> [EXERCISE OBJECTIVE]:
Give back each entry word for word, but drop the images.

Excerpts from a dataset
▬▬▬▬▬▬▬▬▬▬

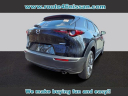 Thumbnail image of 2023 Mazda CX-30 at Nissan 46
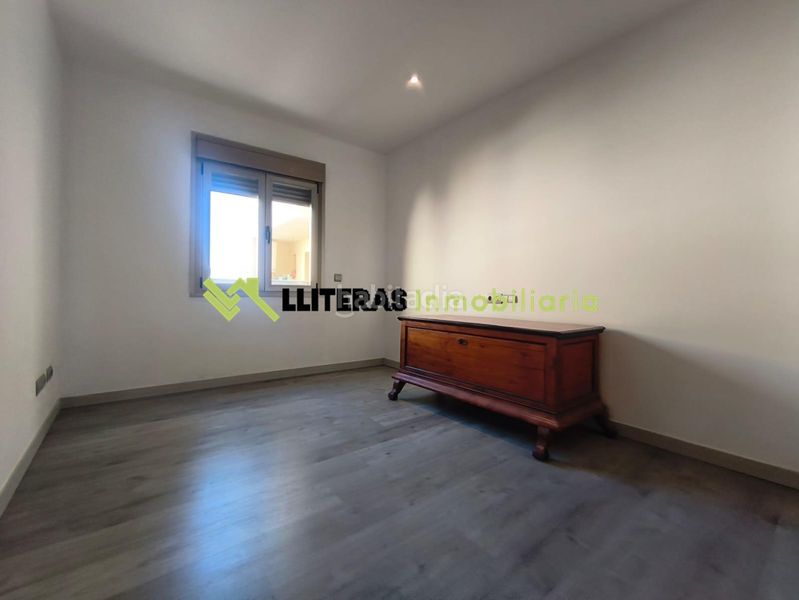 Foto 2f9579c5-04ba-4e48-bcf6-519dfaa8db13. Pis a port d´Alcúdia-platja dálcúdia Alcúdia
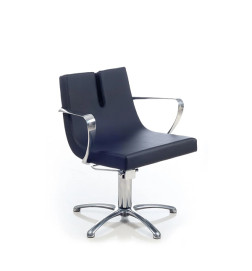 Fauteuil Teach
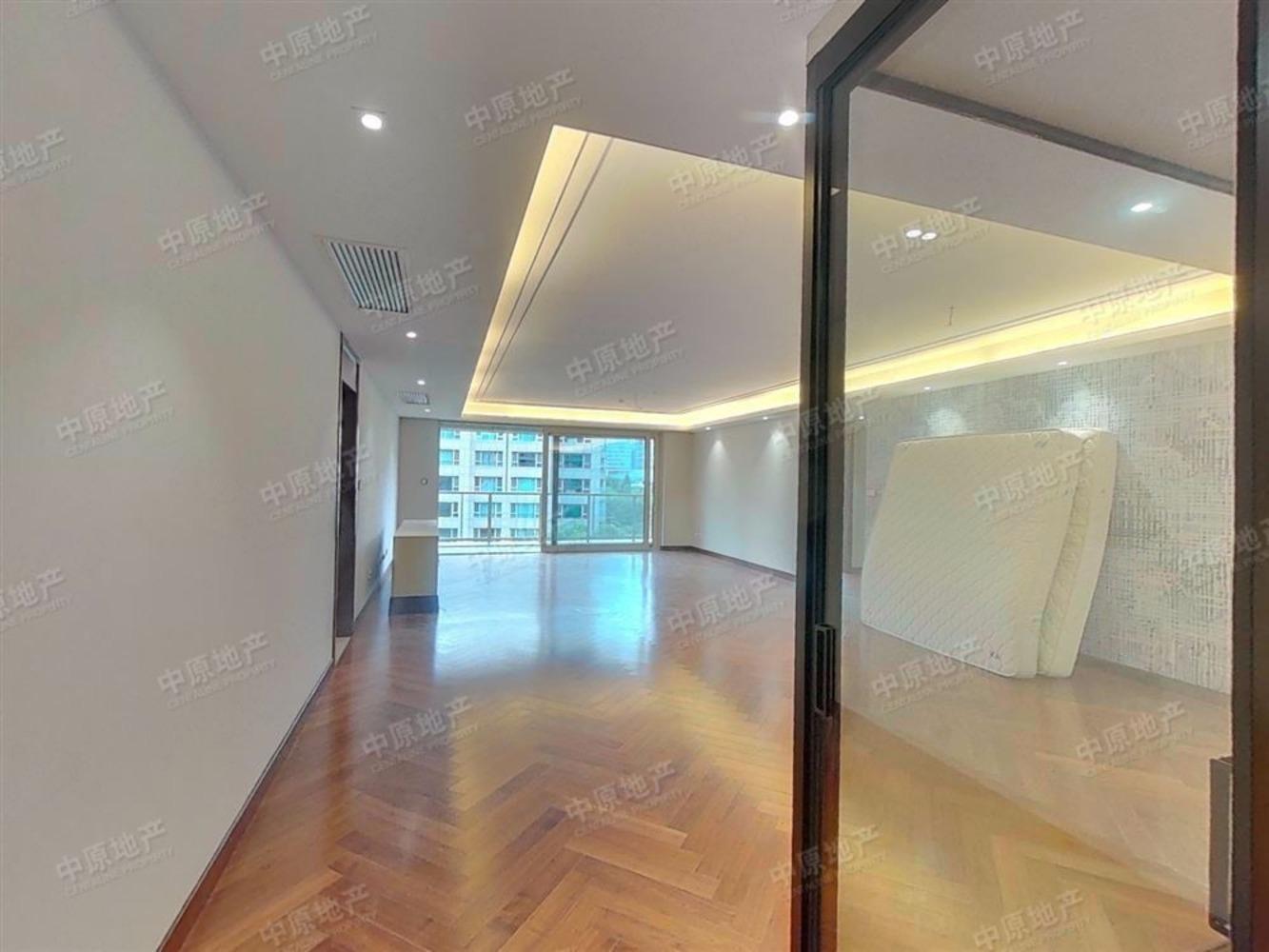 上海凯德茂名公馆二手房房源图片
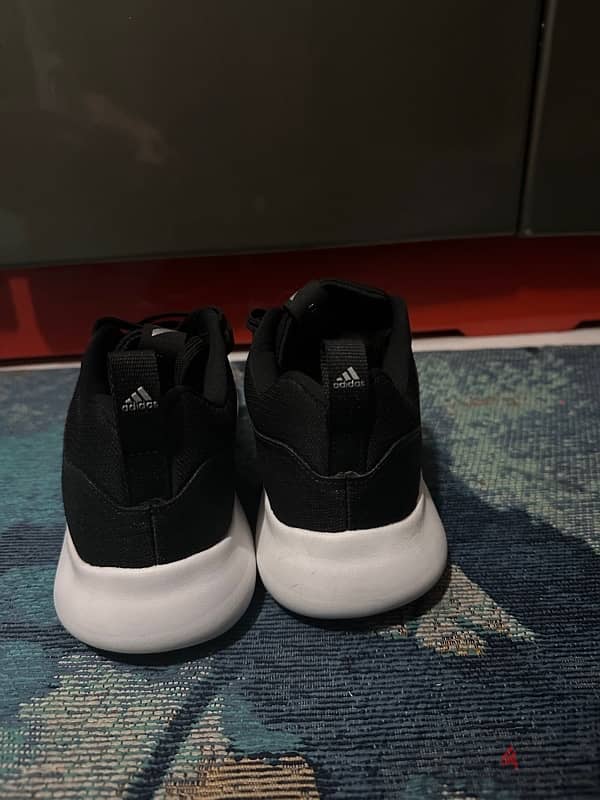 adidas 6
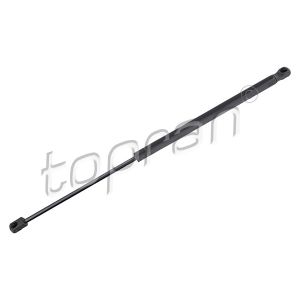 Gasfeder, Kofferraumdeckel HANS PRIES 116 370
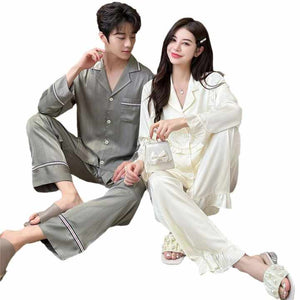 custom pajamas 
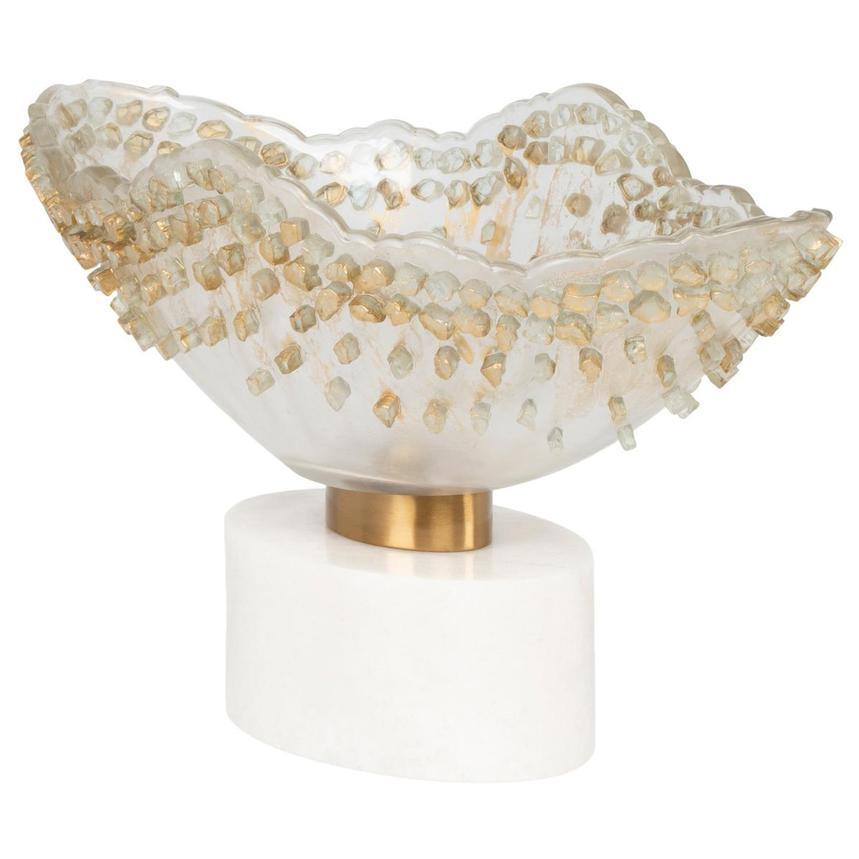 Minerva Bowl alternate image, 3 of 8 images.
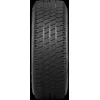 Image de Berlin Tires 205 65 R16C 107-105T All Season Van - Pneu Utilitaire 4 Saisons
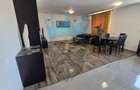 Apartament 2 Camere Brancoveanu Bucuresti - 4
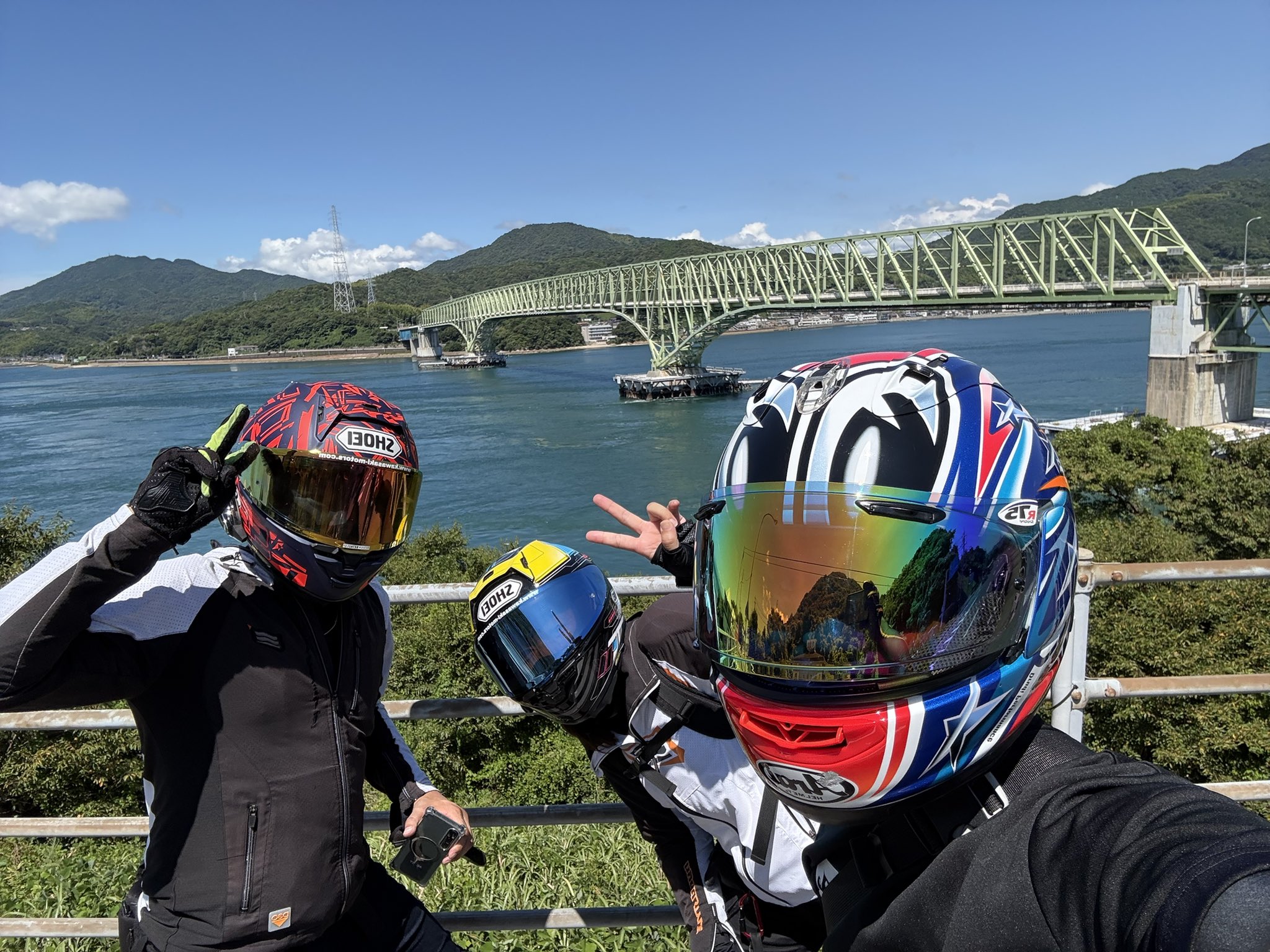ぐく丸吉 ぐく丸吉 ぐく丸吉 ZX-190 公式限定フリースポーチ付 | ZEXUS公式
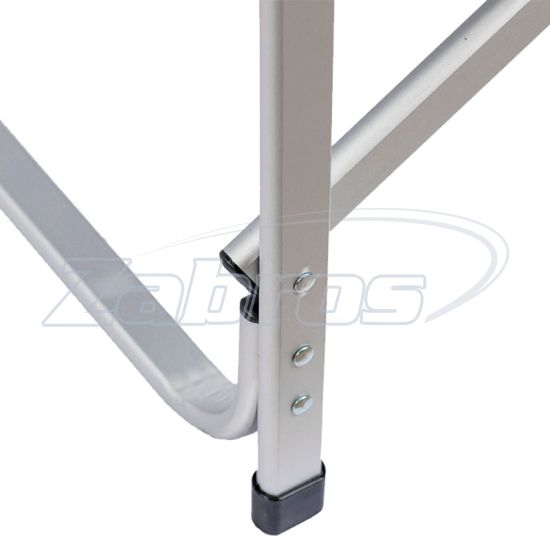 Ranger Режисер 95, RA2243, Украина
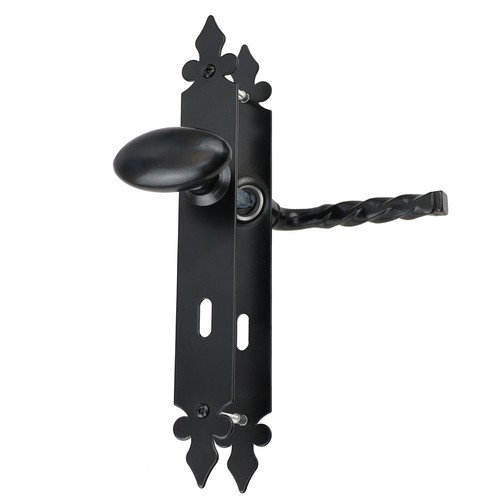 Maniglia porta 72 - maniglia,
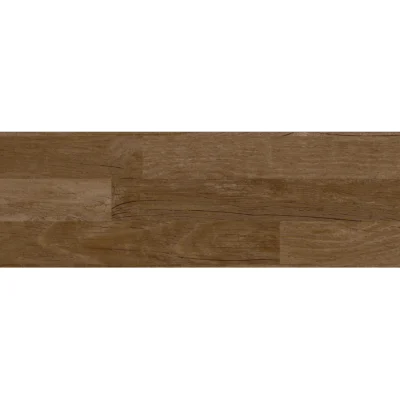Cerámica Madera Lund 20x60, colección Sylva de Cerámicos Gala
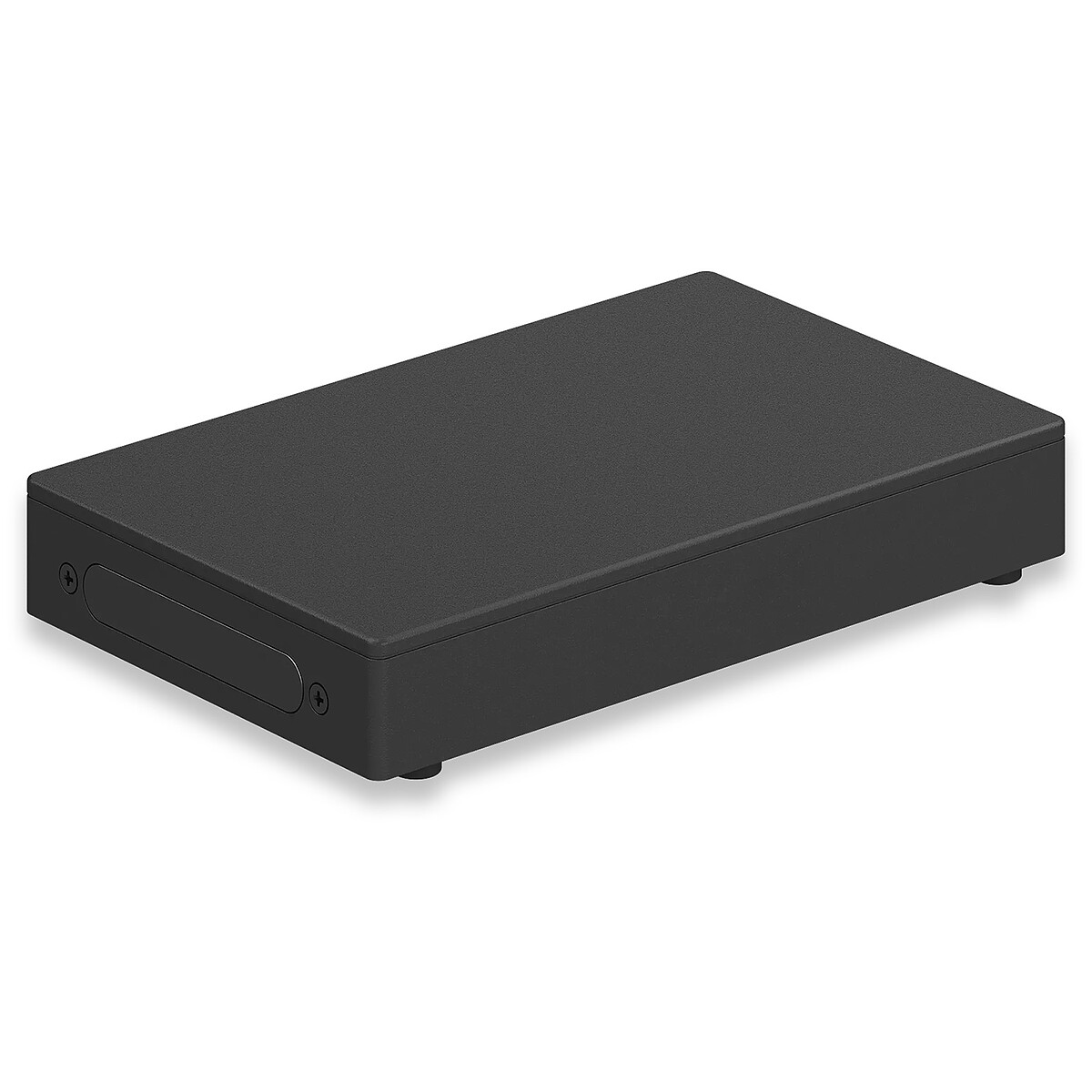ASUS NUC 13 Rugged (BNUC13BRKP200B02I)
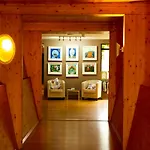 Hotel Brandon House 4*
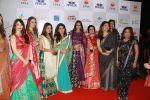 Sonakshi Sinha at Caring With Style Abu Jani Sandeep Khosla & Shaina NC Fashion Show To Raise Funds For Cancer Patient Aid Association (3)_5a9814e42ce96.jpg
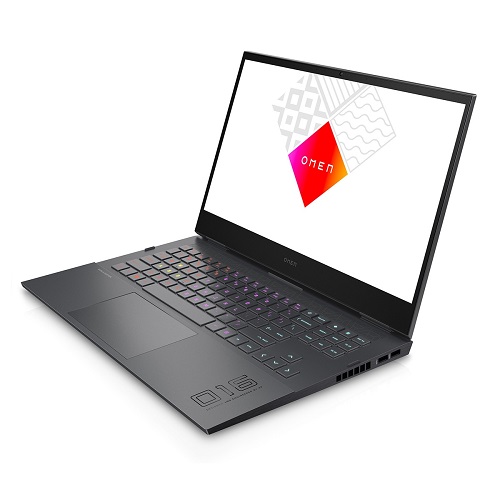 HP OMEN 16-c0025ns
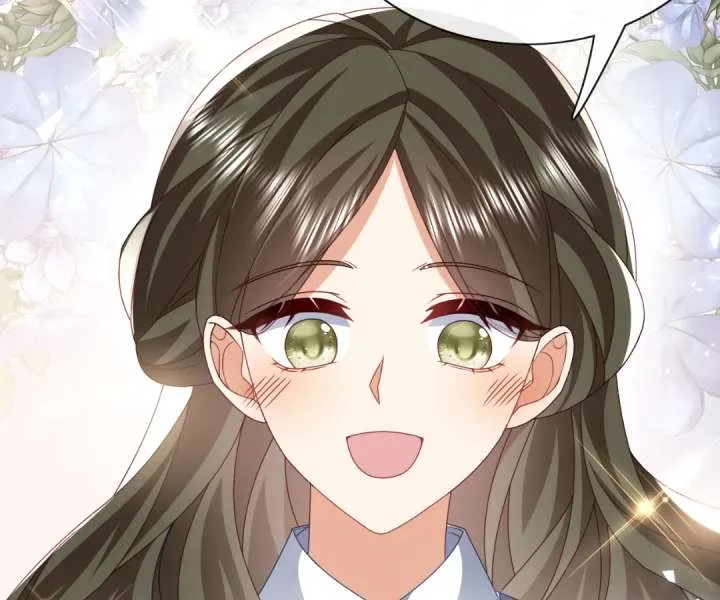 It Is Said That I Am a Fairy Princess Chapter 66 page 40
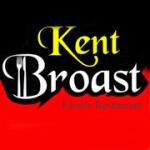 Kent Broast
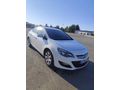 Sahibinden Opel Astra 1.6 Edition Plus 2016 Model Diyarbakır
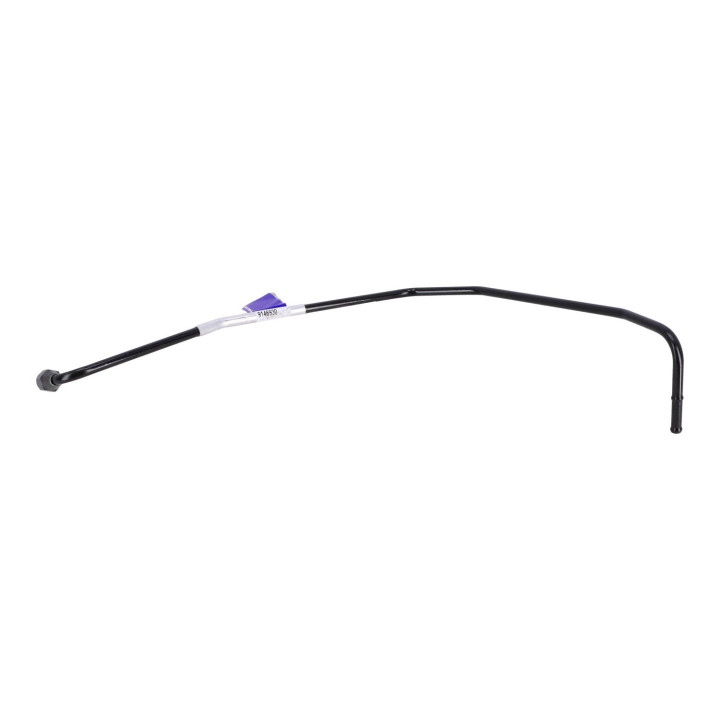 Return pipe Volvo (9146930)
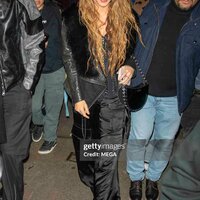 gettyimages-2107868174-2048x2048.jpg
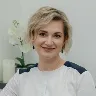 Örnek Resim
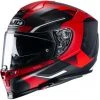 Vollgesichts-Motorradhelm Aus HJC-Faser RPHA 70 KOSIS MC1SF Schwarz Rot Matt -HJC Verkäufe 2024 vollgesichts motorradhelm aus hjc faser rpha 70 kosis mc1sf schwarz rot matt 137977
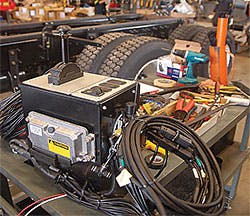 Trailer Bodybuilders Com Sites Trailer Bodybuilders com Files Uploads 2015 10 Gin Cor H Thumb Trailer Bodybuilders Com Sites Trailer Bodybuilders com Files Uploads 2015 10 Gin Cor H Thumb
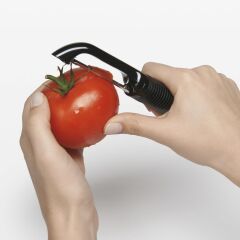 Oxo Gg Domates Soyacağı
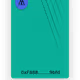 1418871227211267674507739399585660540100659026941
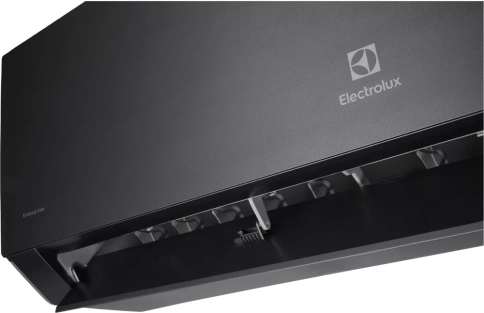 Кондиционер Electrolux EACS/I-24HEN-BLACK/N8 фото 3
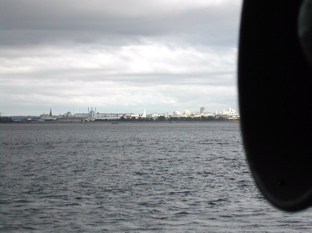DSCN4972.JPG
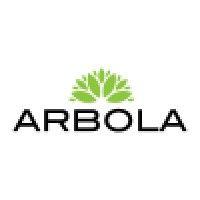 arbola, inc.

▬▬▬▬▬▬▬▬▬▬

> [SOLUTION]:
 Thumbnail image of 2023 Mazda CX-30 at Nissan 46
 Foto 2f9579c5-04ba-4e48-bcf6-519dfaa8db13. Pis a port d´Alcúdia-platja dálcúdia Alcúdia
 Fauteuil Teach
 上海凯德茂名公馆二手房房源图片
 adidas 6
 Gasfeder, Kofferraumdeckel HANS PRIES 116 370
 custom pajamas 
 Minerva Bowl alternate image, 3 of 8 images.
 Image de Berlin Tires 205 65 R16C 107-105T All Season Van - Pneu Utilitaire 4 Saisons
 Apartament 2 Camere Brancoveanu Bucuresti - 4
ぐく丸吉 ぐく丸吉 ぐく丸吉 ZX-190 公式限定フリースポーチ付 | ZEXUS公式
 Ranger Режисер 95, RA2243, Украина
 Maniglia porta 72 - maniglia,
Cerámica Madera Lund 20x60, colección Sylva de Cerámicos Gala
ASUS NUC 13 Rugged (BNUC13BRKP200B02I)
 Hotel Brandon House 4*
 Sonakshi Sinha at Caring With Style Abu Jani Sandeep Khosla & Shaina NC Fashion Show To Raise Funds For Cancer Patient Aid Association (3)_5a9814e42ce96.jpg
 HP OMEN 16-c0025ns
 It Is Said That I Am a Fairy Princess Chapter 66 page 40
 Kent Broast
 Sahibinden Opel Astra 1.6 Edition Plus 2016 Model Diyarbakır
 Return pipe Volvo (9146930)
 gettyimages-2107868174-2048x2048.jpg
 Örnek Resim
 Vollgesichts-Motorradhelm Aus HJC-Faser RPHA 70 KOSIS MC1SF Schwarz Rot Matt -HJC Verkäufe 2024 vollgesichts motorradhelm aus hjc faser rpha 70 kosis mc1sf schwarz rot matt 137977
 Trailer Bodybuilders Com Sites Trailer Bodybuilders com Files Uploads 2015 10 Gin Cor H Thumb Trailer Bodybuilders Com Sites Trailer Bodybuilders com Files Uploads 2015 10 Gin Cor H Thumb
 Oxo Gg Domates Soyacağı
 1418871227211267674507739399585660540100659026941
 Кондиционер Electrolux EACS/I-24HEN-BLACK/N8 фото 3
DSCN4972.JPG
 arbola, inc.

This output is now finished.